Authors:
SRA is a typical software development company at which most of the people focus on producing contract-based software and where usability and interaction design are a secondary matter. The design project reported here, therefore, has been a unique project in our institute where we could apply an interaction design-centered software development approach in collaboration with a research institute (Nara Institute of Science and Technology) within the context of two government-funded research projects over the last three years. The first research project was to study computer-supported creativity. Instead of trying to identify what functionality is necessary to support creativity, we argued that software that does not "bother or disturb" a user's thinking process would help the user become creative. And we started the design project, which focused on interaction design for a few interactive systems. The second research project was to construct an environment that supports empirical studies. We continued our design project and applied our interaction-design-centered approach again in this research project, resulting in an interactive system that supports exploratory data analysis tasks.
Throughout the interaction-design project, our claim is that interaction design should be the core of software development; it should be taken into account from the very first step of system development. We particularly emphasize the importance of visual interaction. The first look at a screen shot should tell you everything you can do. A system that requires detailed descriptions of what you can do indicates that the system is designed badly. We worked especially hard on not adding unnecessary functionality. In our experience in developing systems for users, we understand that users tend to request more and more functions during the system design. The task of the interaction designer is to discuss with users why most such requirements would be harmful for the system, by arguing that what matters is not the number of functions but the harmony of functions. In this sense, user-centered design, which might indicate leaving too much responsibility to the users, may not necessarily lead to a good design.
Figure 1 illustrates the four aspects of our interaction-design-centered process: (1) a design principle, (2) a task type and an interaction method that supports the task type, (3) an interaction idiom library, and (4) resulting interactive systems.
A design principle is a concept that guides our overall design process. Design is a series of making compromises coping with conflicting requirements and constraints. This principle guides the interaction designer to elicit and prioritize design requirements.

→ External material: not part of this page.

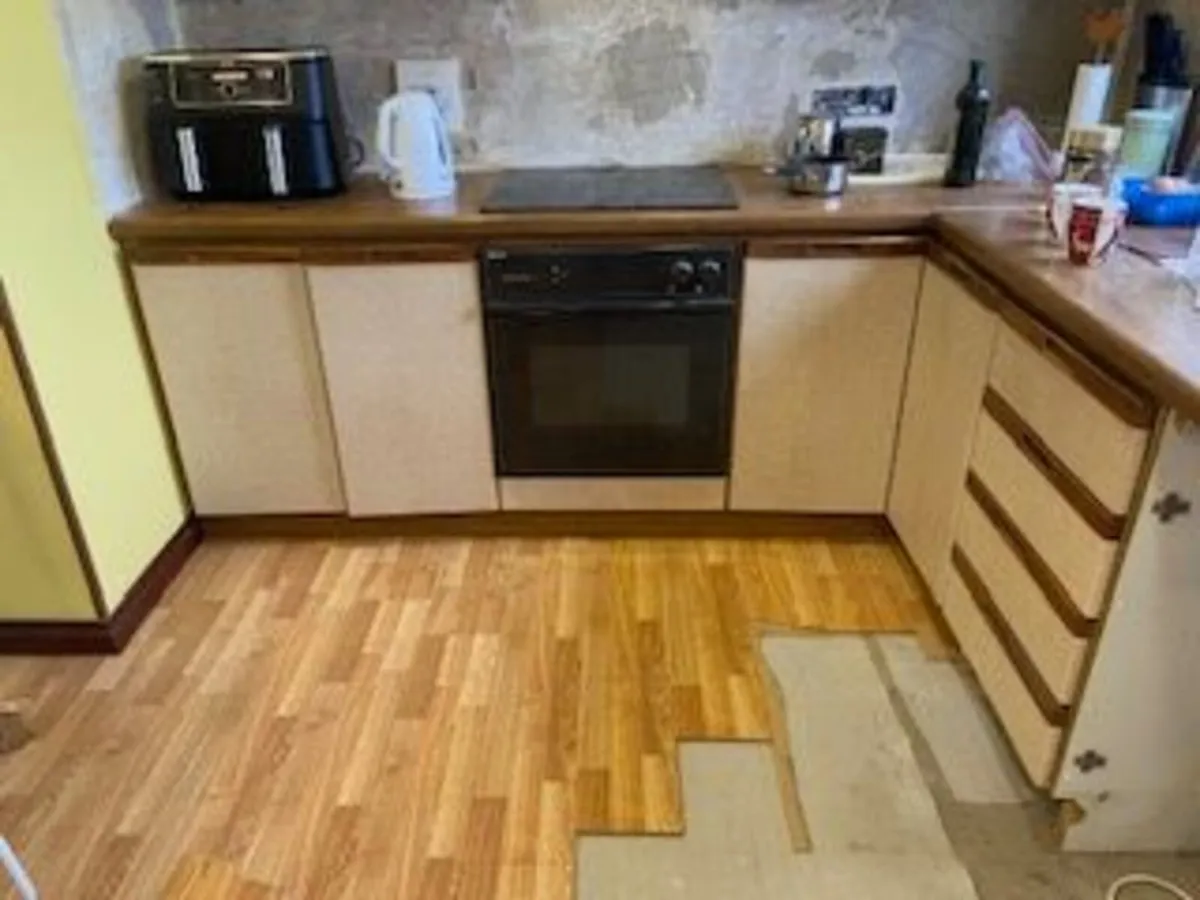 kitchen units, Neff induction hob, oven and fan - Image 1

In our design project, we have focused on a particular task type and a particular interaction method that supports the task type. For instance, as we describe in "Sample Design Project," we have focused on supporting the design of linear information design, such as writing a paper, summarizing notes, making reports for data analysis, and editing a movie. We used the spatial positioning of objects to support the task type. We identified why the spatial positioning is a good way to support early stages of linear information design (based on architectural design theories, theories on the use of externalization from psychological perspectives, and theories of representations, such as semiotics). We have constructed a framework architecture using the method and applied it to different application domains in the area of linear information design.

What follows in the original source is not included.